═══ Recorded data

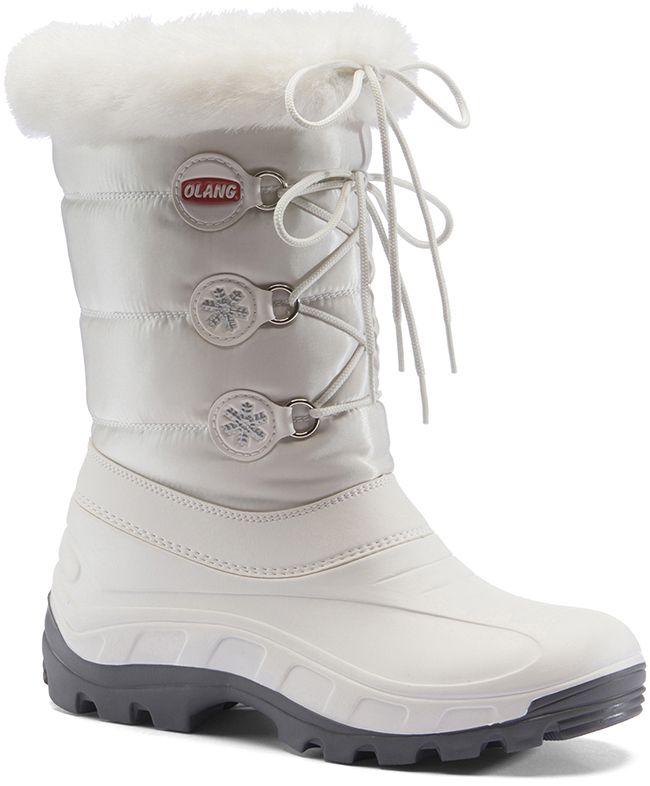 Manby Womens Ski Accessories Olang Patty Boot White | Landau Store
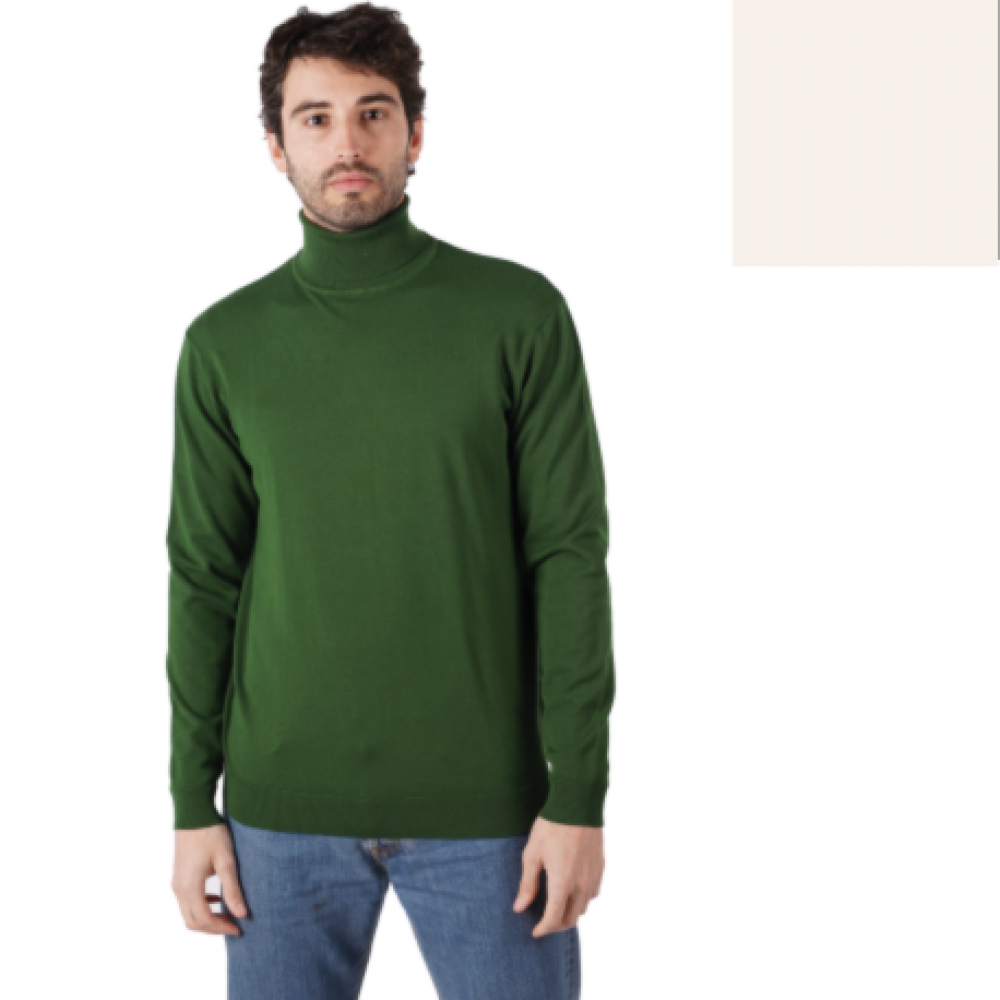 Men´s turtleneck sweater, mod. 768 (Panna)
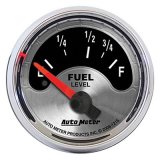 Autometer American Muscle 2-1/16in 73-10 Ohm Electric Fuel Level Gauge thumbnail 1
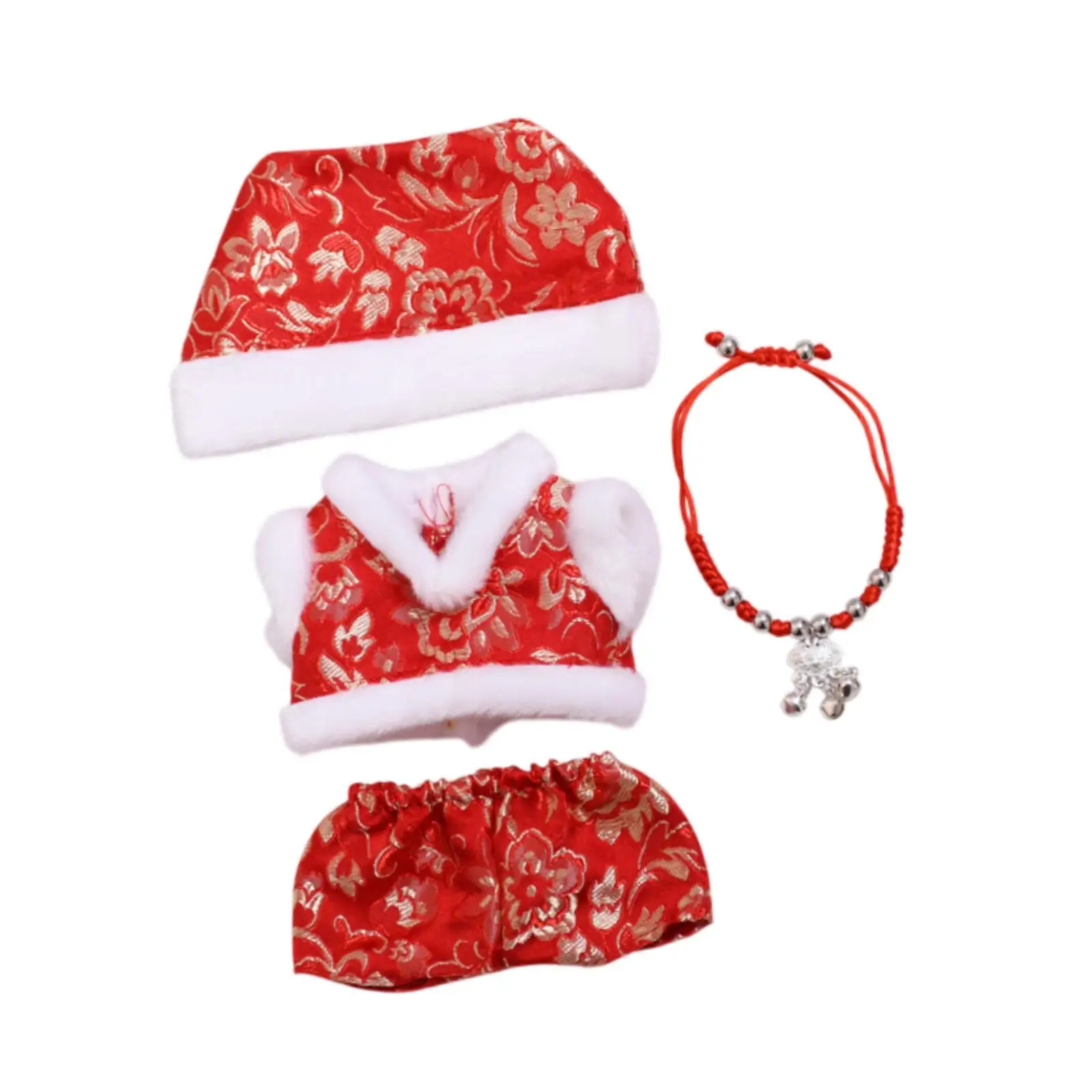 Doll Clothing Set for 15cm Doll with Detachable Accessories and Decorative Elements Doll Clothing Set for 15cm Doll with Detachable Accessories and Decorative Elements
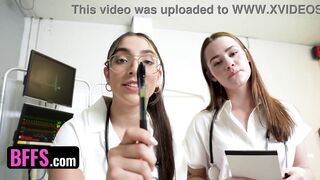 Three Hot Doctors Take Turns Bouncing Up And Down On Lucky Patient's Dick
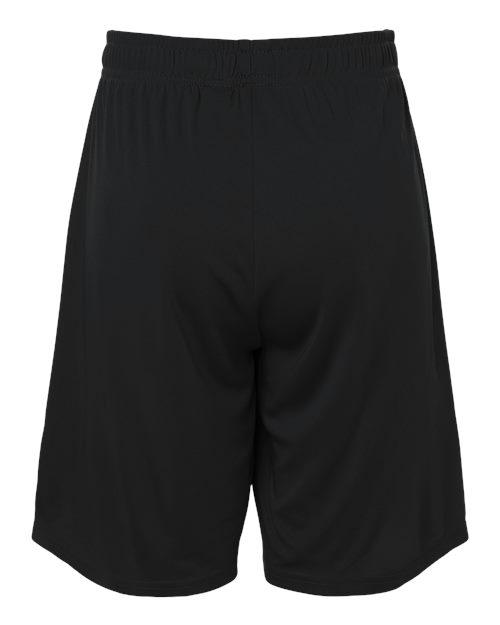 AllPro Youth Pro-Lock Performance 7" Shorts with Pockets - Back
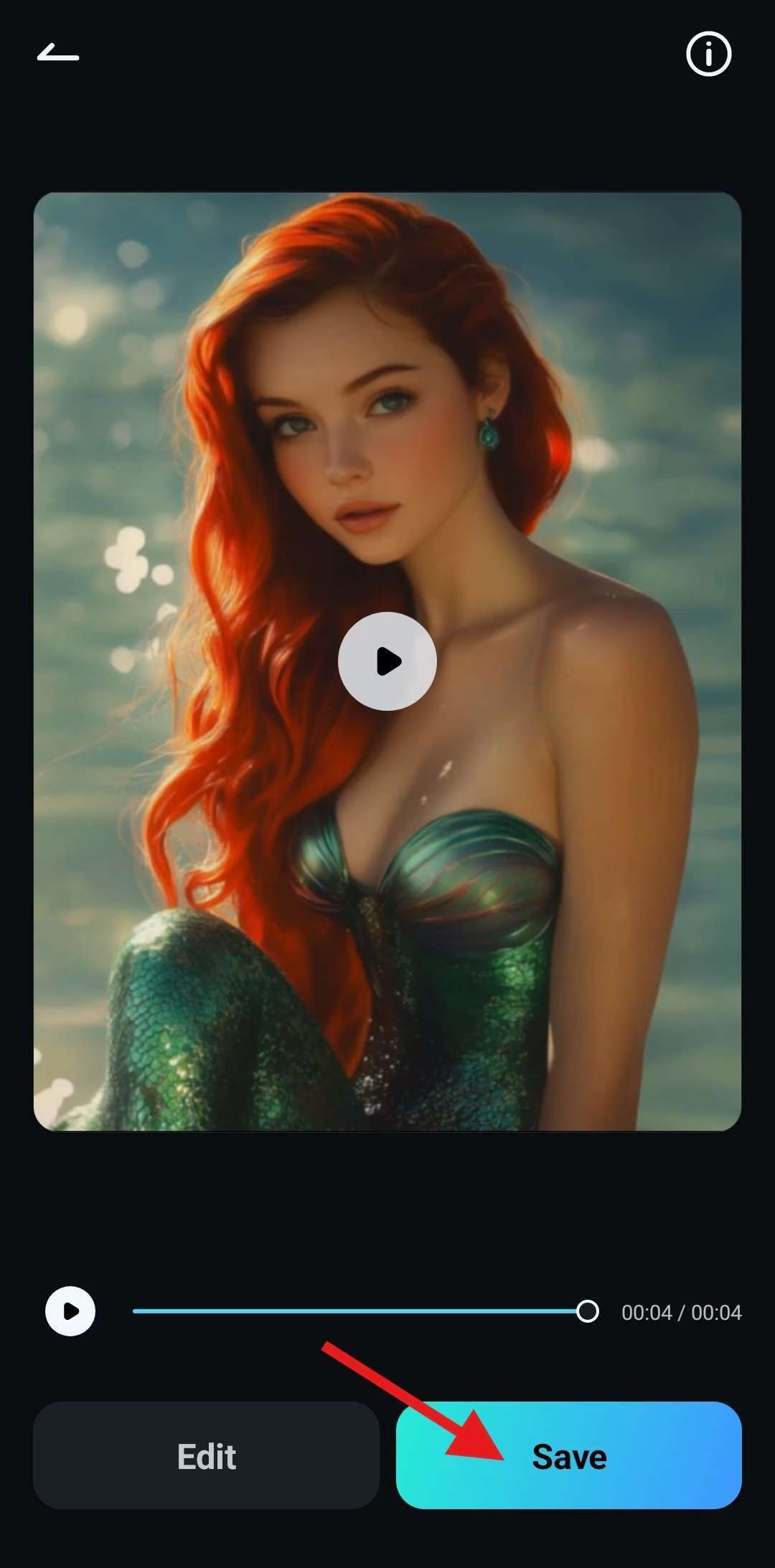 save a mermaid video on your device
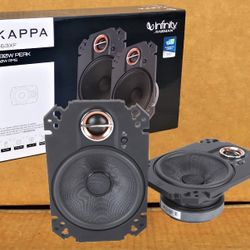 Infinity Kappa 463XF 1 Set 4"x6" 2-Way Coaxial Speaker System 180 Watts 🚨 Payment Options Available 🚨 No Credit Needed 🚨 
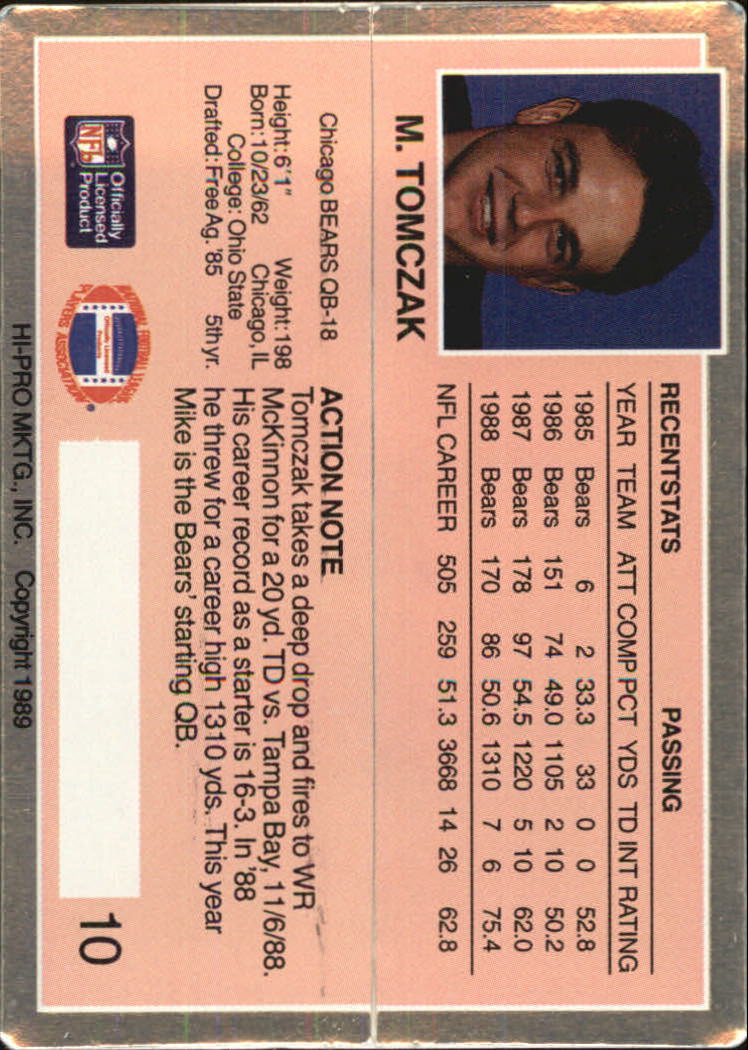1989 Action Packed Test Football "Main Set" Cards - Picture 21 of 61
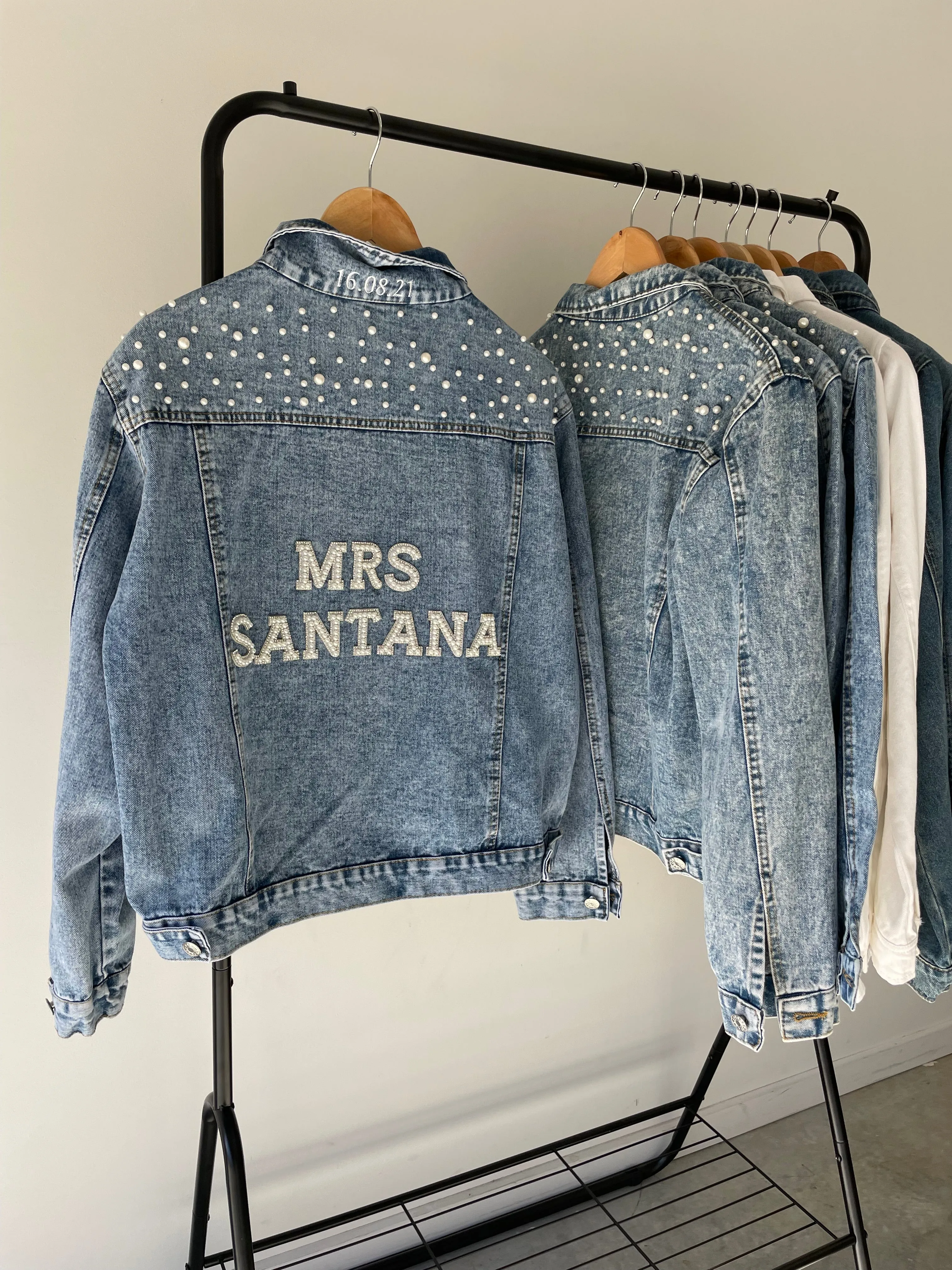 Something New Pearl Bridal Denim Jacket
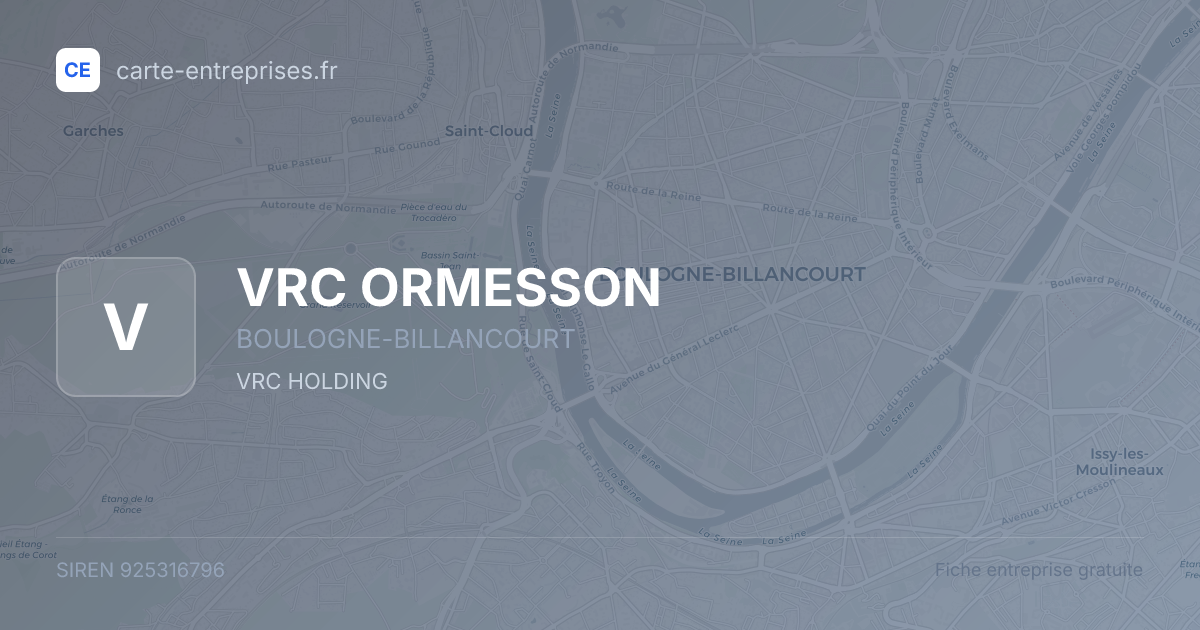 VRC ORMESSON — 925316796 — fiche entreprise
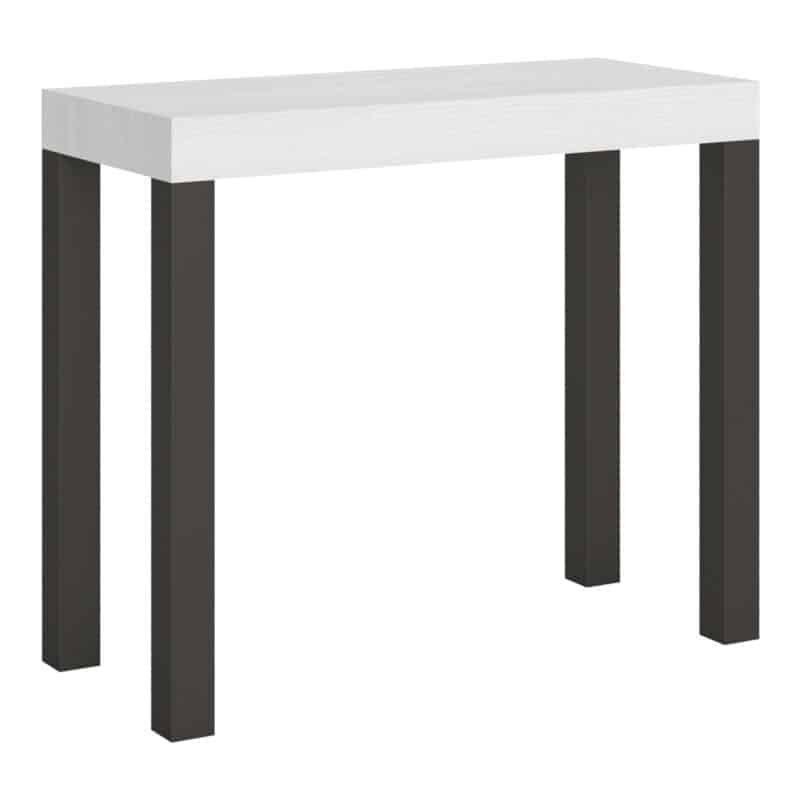 Consolle allungabile 90x40/196 cm Everyday Small bianco frassino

══════

**Activity**
Go through the entries above and print each one exactly, minus the pictures.

**Exercise answer**
 Manby Womens Ski Accessories Olang Patty Boot White | Landau Store
 Men´s turtleneck sweater, mod. 768 (Panna)
 Autometer American Muscle 2-1/16in 73-10 Ohm Electric Fuel Level Gauge thumbnail 1
 Doll Clothing Set for 15cm Doll with Detachable Accessories and Decorative Elements Doll Clothing Set for 15cm Doll with Detachable Accessories and Decorative Elements
 Three Hot Doctors Take Turns Bouncing Up And Down On Lucky Patient's Dick
 AllPro Youth Pro-Lock Performance 7" Shorts with Pockets - Back
 save a mermaid video on your device
 Infinity Kappa 463XF 1 Set 4"x6" 2-Way Coaxial Speaker System 180 Watts 🚨 Payment Options Available 🚨 No Credit Needed 🚨 
1989 Action Packed Test Football "Main Set" Cards - Picture 21 of 61
 Something New Pearl Bridal Denim Jacket
 VRC ORMESSON — 925316796 — fiche entreprise
 Consolle allungabile 90x40/196 cm Everyday Small bianco frassino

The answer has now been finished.